• _About this exercise_: Transcribe the entries that follow exactly as they appear, minus pictures.

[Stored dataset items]
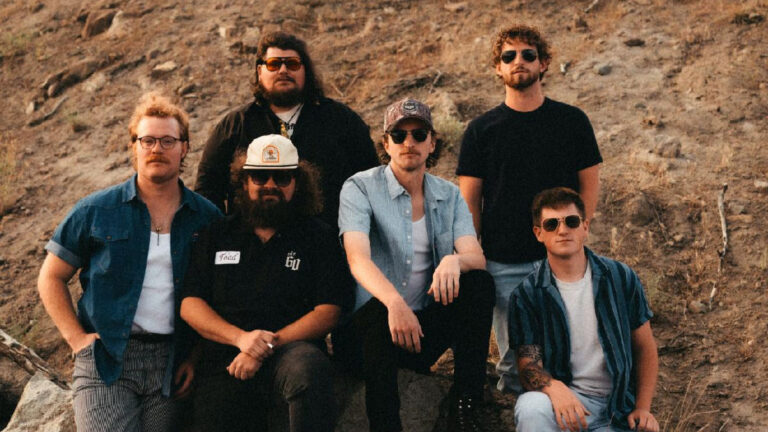 Ole 60 unveils debut album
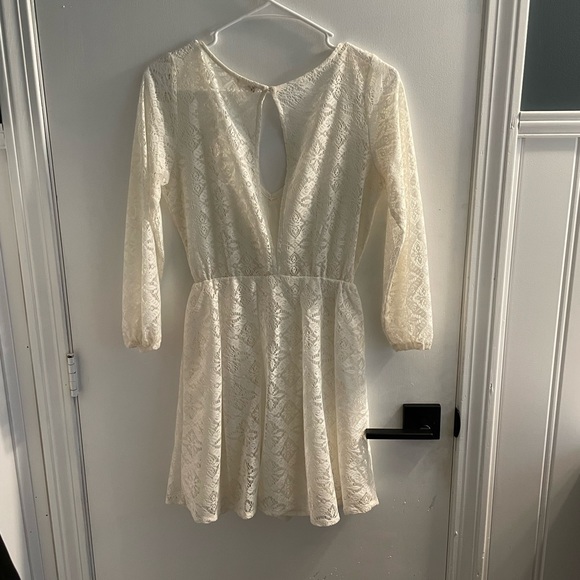 Hollister Lace Dress - Picture 2 of 3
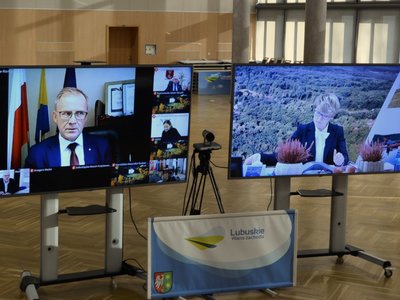 Marszałek Elżbieta Anna Polak i wicemarszałek Roman Kolek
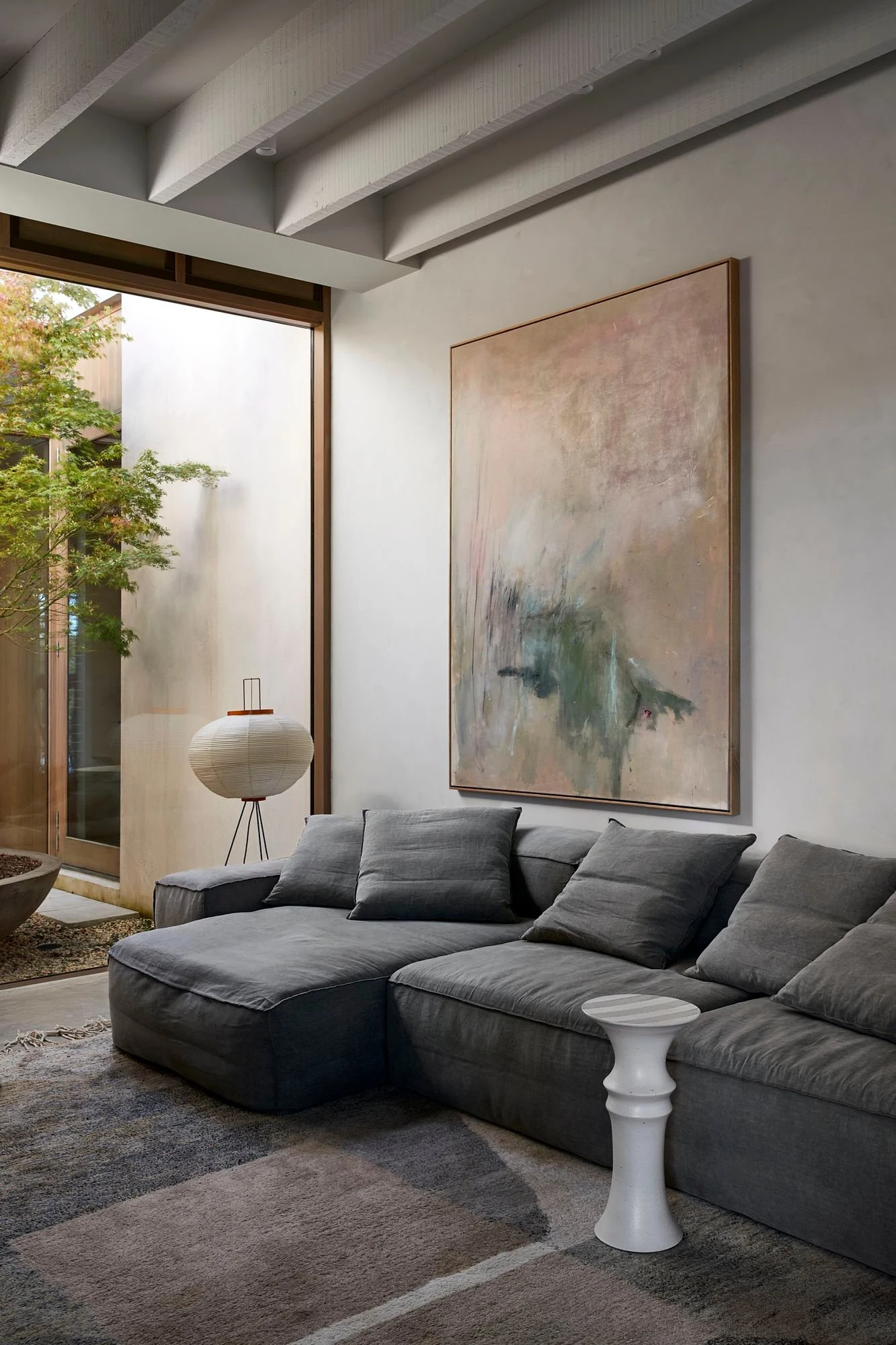 Espacio de estar junto al patio interior de Residencia EPSC, de Davidov Architects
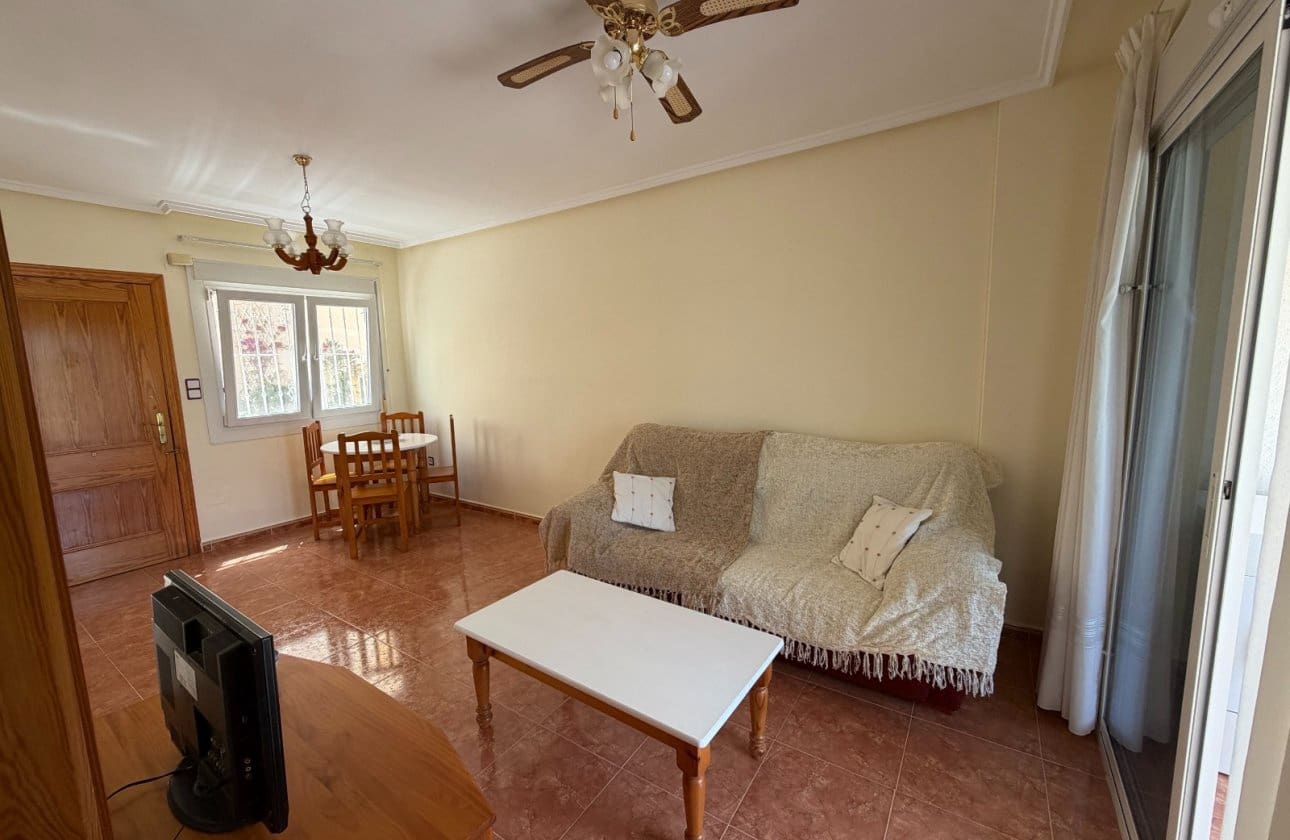 2 bedroom Townhouse for sale in Torremendo with pool - € 119,995 (Ref: 9972252)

• _Answer below_:
 Ole 60 unveils debut album
 Hollister Lace Dress - Picture 2 of 3
 Marszałek Elżbieta Anna Polak i wicemarszałek Roman Kolek
 Espacio de estar junto al patio interior de Residencia EPSC, de Davidov Architects
 2 bedroom Townhouse for sale in Torremendo with pool - € 119,995 (Ref: 9972252)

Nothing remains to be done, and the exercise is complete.